**WHAT YOU WILL DO:** Output the data below exactly, without images.

**DATA BELOW:**
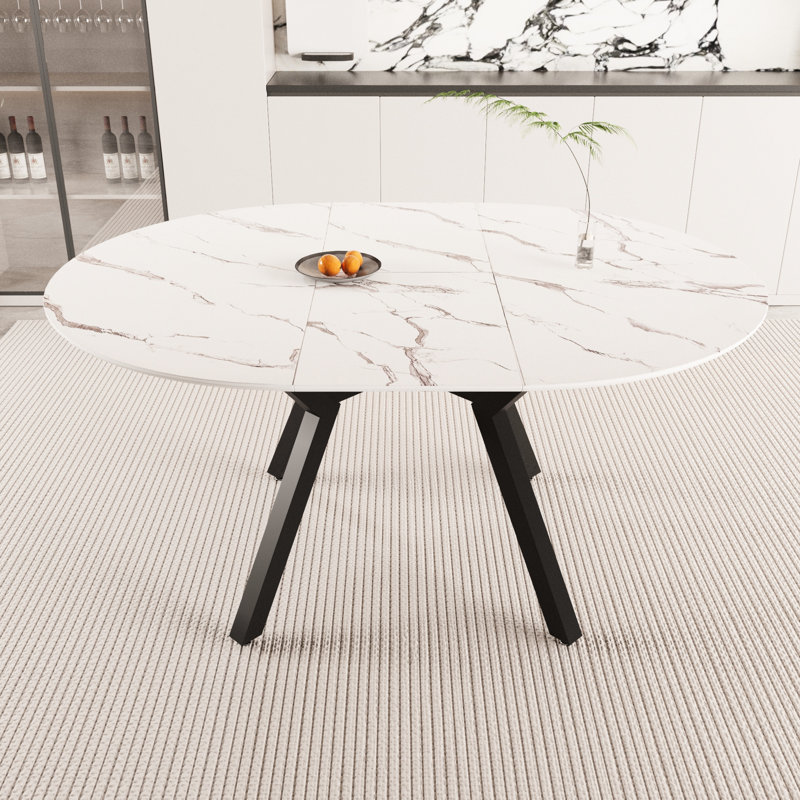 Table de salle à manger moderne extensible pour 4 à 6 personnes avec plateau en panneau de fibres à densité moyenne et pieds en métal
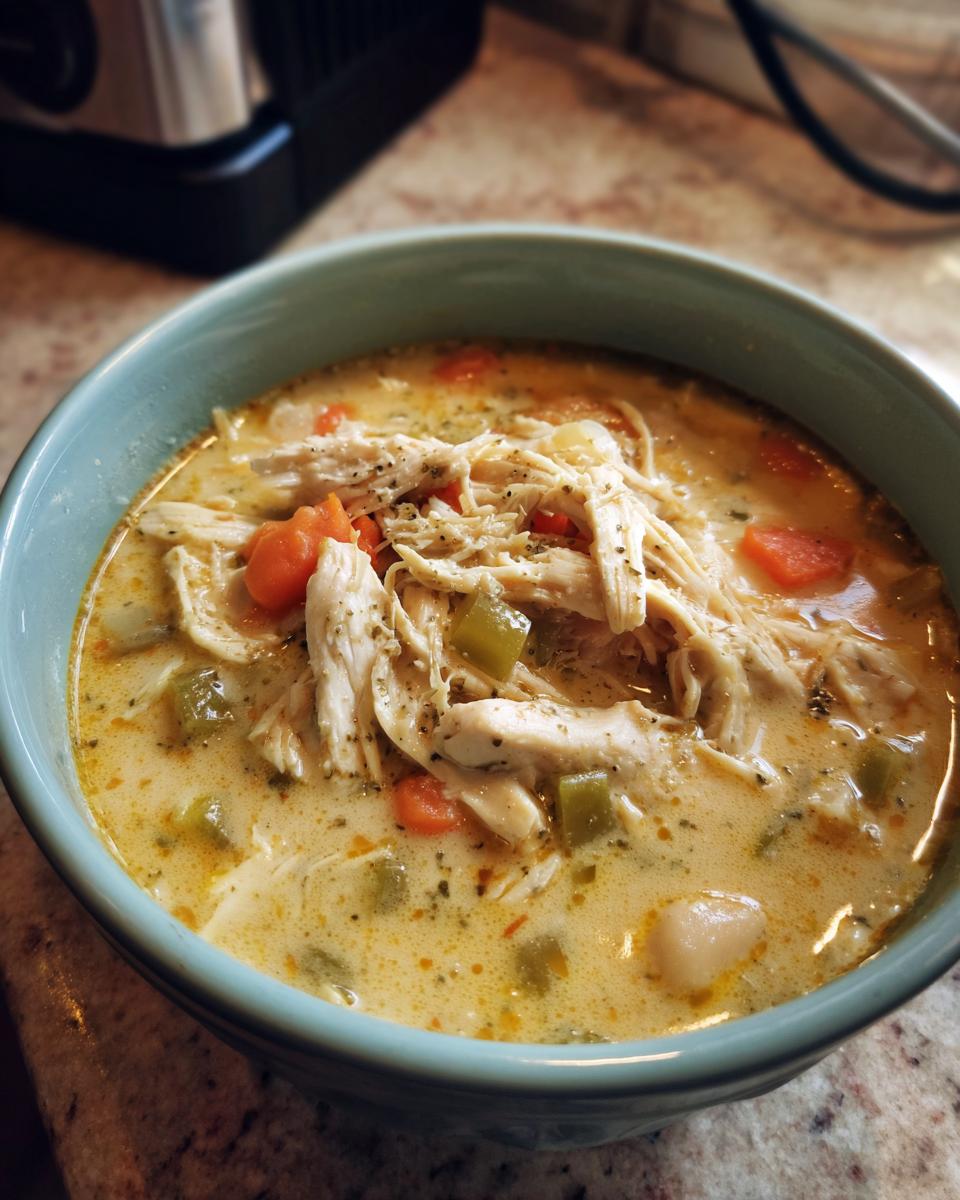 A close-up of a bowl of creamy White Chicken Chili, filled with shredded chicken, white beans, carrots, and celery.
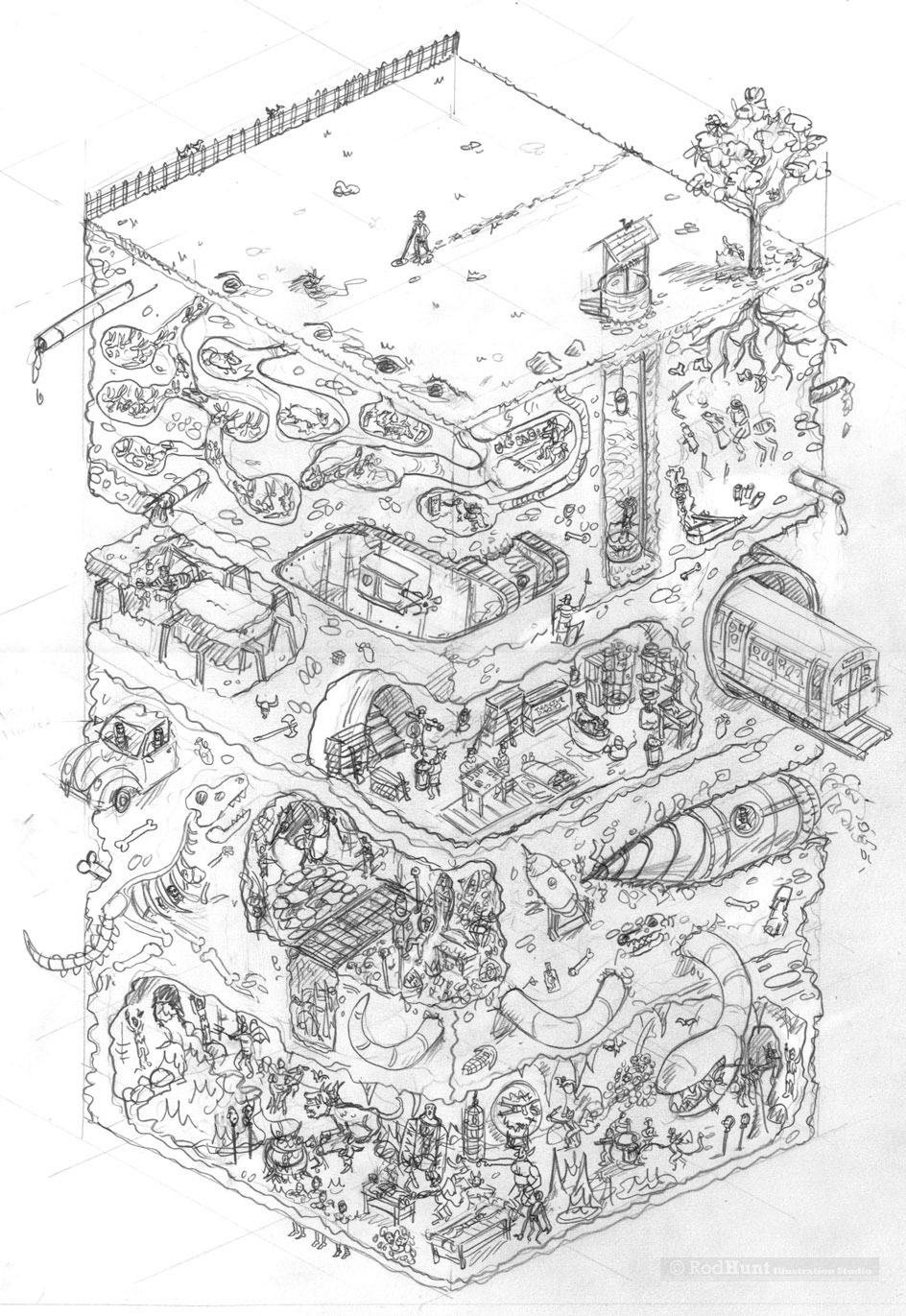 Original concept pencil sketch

**RESPONSE AREA:**
 Table de salle à manger moderne extensible pour 4 à 6 personnes avec plateau en panneau de fibres à densité moyenne et pieds en métal
 A close-up of a bowl of creamy White Chicken Chili, filled with shredded chicken, white beans, carrots, and celery.
 Original concept pencil sketch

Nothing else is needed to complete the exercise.